The authors have previous experience in developing and teaching experimental curricula in academic courses as well as extra-academic workshops, in architectural and electronic-music contexts, respectively, which informed the current exposition (see Encore). However, for evaluative purposes, it is important to note the particular circumstances under which the workshop was conducted.

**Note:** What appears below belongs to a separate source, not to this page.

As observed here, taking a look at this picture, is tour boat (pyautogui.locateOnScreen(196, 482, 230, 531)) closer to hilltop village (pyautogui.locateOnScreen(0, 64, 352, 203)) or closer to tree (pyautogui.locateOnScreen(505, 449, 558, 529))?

Overall, the workshop had an approximately 40-hour schedule over the course of a full work week, with an exhibition of outcomes scheduled for the following day. The festival provided an intensive and creative working environment, with all 10 workshops carried out together in the same venue, and a full programme of shared input lectures outside workshop hours. Organizers selected and assigned the seven workshop participants, all of whom were architecture students. Participants and tutors met only a day prior to the workshop, without any prior contact or pre-assignment having taken place. In addition, it is important to highlight that the overall environment and format of the workshop encouraged free and open experimentation, as well as experimental and transdisciplinary teaching through an intensive albeit brief mode of teaching. While rarely possible in academic environments, these parameters were significant to the curriculum design, and, more importantly, a catalyst to the development and outcomes of the workshop.
As a bundle, the present curriculum and workshop case study, and its outcomes, demonstrate that a short, intensive encounter with new domains of transdisciplinary knowledge, in a practice-based setting, can activate creative potential and yield rich results and findings. Furthermore, the workshop shows that research topics, such as the one presented, which are often seen as specialized, or even technically challenging, can be taught to a small group of participants without any prior knowledge, in a short period of time.
The exposition shares this bundle as a syllabus that can be extended and appropriated for further investigations into transdisciplinary pedagogy, and as an open toolbox for explorations into the spatiotemporal domain.